Really? Skunk and polecat are the same for you? Those are clearly different for me. The word that isn't clear is ferret

Ferret is one of those words I'd never have learned if I hadn't gone abroad. It's the usual  case where someone uses the word and I have no idea what they are talking about. No dictionary helps. I have to do research and then come to the conclusion what it is. It often happens with wild animals


----------



## Roxxxannne

If I were to name three mustelids off the top of my head, I'd say skunks, weasels, and fishers (aka fisher cats).   Perhaps the reason I associate 'polecat' with 'skunk' more than with ''black-footed ferret' is because I have no idea what a black-footed ferret is.  I do know what a weasel is, though -- the small variety of weasel looks like a ferret -- but I don't think I've ever heard anyone call a weasel a polecat.

I don't think ferrets crossed my consciousness until friends of mine got a couple of them as pets.


----------



## Olaszinhok

Apparently, skunks are not mustelids, they belong to a separate family:

Mustelid | mammal


----------



## Roxxxannne

Skunks'll always be mustelids to me.    At least they are still in the 'extended family' of Musteloidea.

Mephitidae -- like mephitic.   If I were a skunk I would not take kindly to that name.


----------



## merquiades

Roxxxannne said:


> If I were to name three mustelids off the top of my head, I'd say skunks, weasels, and fishers (aka fisher cats).   Perhaps the reason I associate 'polecat' with 'skunk' more than with ''black-footed ferret' is because I have no idea what a black-footed ferret is.  I do know what a weasel is, though -- the small variety of weasel looks like a ferret -- but I don't think I've ever heard anyone call a weasel a polecat.
> 
> I don't think ferrets crossed my consciousness until friends of mine got a couple of them as pets.


People are a bit crazy to have them as pets.  They're small but they're still wild.  I had someone tell me they had one as a pet too and I had to do research to understand what it could be, and I came up with polecat.  

Look at the photo in post number 1,  you wouldn't call that a skunk would you?  Weasles are big things.  Now you stumped me because I don't know what a fisher is.  I checked out the picture on wikipedia.  They look scary.  I'm from too far south to have ever seen one of those animals.


----------



## Roxxxannne

I would call the animal in #1 a weasel. It's definitely not a skunk.  I'm not saying that what you call a weasel I call a skunk - I'm saying that 'polecat,' the 'nickname' you use for weasel, is the 'nickname' I know for skunk.

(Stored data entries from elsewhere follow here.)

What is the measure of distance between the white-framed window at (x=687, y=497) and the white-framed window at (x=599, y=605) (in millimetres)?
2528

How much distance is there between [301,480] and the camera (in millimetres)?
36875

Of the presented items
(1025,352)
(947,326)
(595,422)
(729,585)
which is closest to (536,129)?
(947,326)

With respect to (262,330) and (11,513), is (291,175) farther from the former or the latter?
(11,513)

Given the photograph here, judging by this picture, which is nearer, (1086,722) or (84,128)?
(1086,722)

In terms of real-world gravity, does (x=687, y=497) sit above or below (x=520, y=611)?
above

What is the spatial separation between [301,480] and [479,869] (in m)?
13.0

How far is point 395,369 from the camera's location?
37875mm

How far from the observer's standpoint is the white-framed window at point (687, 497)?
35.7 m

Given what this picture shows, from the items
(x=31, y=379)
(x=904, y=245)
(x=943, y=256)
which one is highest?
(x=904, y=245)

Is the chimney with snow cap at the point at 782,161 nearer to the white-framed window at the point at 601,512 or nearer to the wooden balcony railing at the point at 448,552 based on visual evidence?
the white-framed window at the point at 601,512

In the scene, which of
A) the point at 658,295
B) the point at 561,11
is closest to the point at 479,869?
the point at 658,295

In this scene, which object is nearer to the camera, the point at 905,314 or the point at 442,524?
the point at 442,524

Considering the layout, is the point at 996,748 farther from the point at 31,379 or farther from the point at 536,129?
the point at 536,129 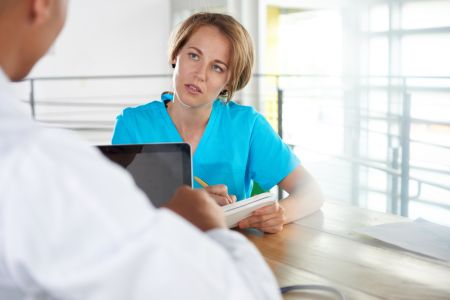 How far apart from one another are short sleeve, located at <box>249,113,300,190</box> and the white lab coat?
2.86 ft

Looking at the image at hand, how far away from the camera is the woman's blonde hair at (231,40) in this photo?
1.19m

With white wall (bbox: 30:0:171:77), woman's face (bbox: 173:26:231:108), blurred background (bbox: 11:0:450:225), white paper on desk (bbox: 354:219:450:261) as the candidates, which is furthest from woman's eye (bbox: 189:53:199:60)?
white wall (bbox: 30:0:171:77)

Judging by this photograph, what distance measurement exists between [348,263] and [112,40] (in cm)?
502

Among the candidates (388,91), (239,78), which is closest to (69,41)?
(388,91)

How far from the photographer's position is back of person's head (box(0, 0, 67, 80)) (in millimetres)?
346

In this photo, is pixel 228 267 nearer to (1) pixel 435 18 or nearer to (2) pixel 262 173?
(2) pixel 262 173

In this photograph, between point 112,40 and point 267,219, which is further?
point 112,40

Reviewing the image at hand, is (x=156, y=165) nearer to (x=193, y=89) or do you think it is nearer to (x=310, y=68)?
(x=193, y=89)

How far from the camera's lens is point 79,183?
0.96 feet

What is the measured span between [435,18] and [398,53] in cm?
46

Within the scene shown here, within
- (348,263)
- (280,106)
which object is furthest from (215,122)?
(280,106)

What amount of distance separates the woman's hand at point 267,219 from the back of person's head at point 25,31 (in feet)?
1.89

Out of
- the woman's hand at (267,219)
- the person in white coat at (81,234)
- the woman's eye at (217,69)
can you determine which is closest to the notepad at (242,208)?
the woman's hand at (267,219)

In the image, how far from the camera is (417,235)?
847 mm
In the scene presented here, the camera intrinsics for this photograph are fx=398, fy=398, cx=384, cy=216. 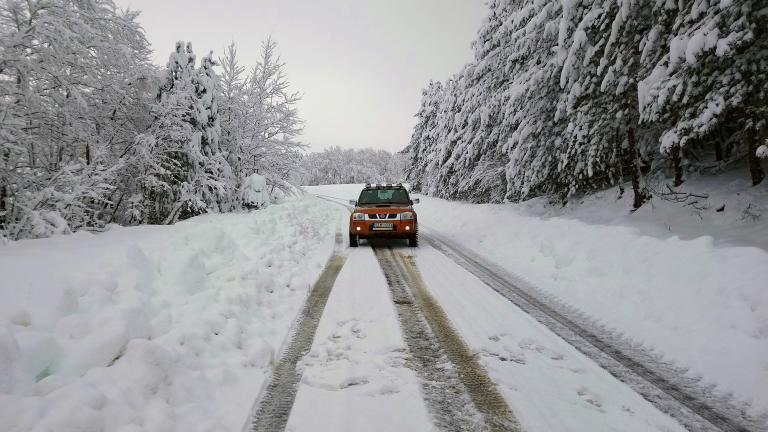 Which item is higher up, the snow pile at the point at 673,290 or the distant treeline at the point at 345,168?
the distant treeline at the point at 345,168

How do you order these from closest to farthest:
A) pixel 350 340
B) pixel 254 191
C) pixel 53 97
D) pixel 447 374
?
pixel 447 374 → pixel 350 340 → pixel 53 97 → pixel 254 191

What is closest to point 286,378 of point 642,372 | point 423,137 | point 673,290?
point 642,372

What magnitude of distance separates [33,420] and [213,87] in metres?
16.1

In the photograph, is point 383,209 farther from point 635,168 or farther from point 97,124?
point 97,124

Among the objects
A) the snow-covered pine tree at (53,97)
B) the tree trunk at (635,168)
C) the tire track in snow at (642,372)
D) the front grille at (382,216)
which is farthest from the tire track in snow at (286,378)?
the tree trunk at (635,168)

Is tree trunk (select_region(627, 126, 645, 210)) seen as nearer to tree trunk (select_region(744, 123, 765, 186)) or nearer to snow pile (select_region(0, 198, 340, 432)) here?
tree trunk (select_region(744, 123, 765, 186))

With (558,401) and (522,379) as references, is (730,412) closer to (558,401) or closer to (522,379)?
(558,401)

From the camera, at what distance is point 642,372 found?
11.9ft

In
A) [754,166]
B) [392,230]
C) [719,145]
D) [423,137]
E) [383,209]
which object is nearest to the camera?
[754,166]

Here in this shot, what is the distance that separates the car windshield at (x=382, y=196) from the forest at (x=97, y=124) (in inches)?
248

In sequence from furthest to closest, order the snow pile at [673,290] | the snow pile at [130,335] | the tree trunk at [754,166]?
the tree trunk at [754,166] < the snow pile at [673,290] < the snow pile at [130,335]

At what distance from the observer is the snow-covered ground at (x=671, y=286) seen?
3797 mm

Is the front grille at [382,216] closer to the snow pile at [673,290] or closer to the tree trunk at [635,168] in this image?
the snow pile at [673,290]

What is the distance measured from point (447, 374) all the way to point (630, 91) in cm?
764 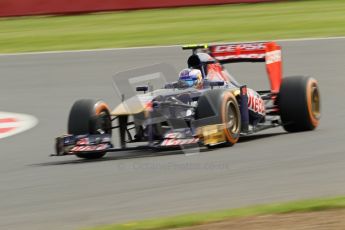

The least weasels I've seen are pretty little. They're about the size of a hefty gray squirrel (I'm not counting the tail of either animal) but much more slender. They're definitely smaller than a skunk.


----------



## AutumnOwl

Swedish: Mustela putorius - iller (a word with unknown origin).
Finnish: hilleri or lahokas (the first from the Swedish, the second is also the name of a kind of mushrooms, might have something to do with the word laho, meaning rotten, the mushroom grows on rotten tree stumps, why the name of the animal I don't know).


----------



## se16teddy

ThomasK said:


> It iis a _*fret *_in Dutch - and is notorious for nibbling at electric car wires... ;-)


Isn’t the one that eats car parts a different mustelid, the beech marten _Martes foina_? Beech marten - Wikipedia
I think the ferret is a domesticated variant of the polecat _Mustela putorius _European polecat - Wikipedia


----------



## ThomasK

Owowow, you might be right!


----------



## hui

AutumnOwl said:


> Swedish: Mustela putorius - iller (a word with unknown origin).
> Finnish: hilleri or lahokas (the first from the Swedish, the second is also the name of a kind of mushrooms, might have something to do with the word laho, meaning rotten, the mushroom grows on rotten tree stumps, why the name of the animal I don't know).



Swedish (according to Wikipedia):
*tamiller* ("tame-polecat") or* frett *= ferret
_*iller*_ = European polecat

Finnish:
_*fretti*_ = ferret
_*hilleri*_ = European polecat
_lahokas_ (dialectal [map], obsolete) = *hilleri*
_lahonäätä_ ( "rot-marten"; dialectal [map], obsolete) = *hilleri*

Several mushrooms end with _*-kas*_ but the mushroom that grows on rotten tree stumps is *lahokka.*


----------



## djmc

In Britain we have weasels, stoats, (the weasels are weaselly distinguishable and stoats are stoatally different). Both are tiny, stoats always have a black tip to their tail when they are often called ermine, polecats are bigger but not enormous and are quite rare. Ferrets are a tame derivation of polecats and are often white and albino these sometimes go feral but they have been used for hunting mice and rats. Martens are slightly bigger and reddish brown these are rare. Mink have become feral and can  a problem. The largest of the mustelids is the badger. All these are native to Europe and probably commoner than in Britain.


----------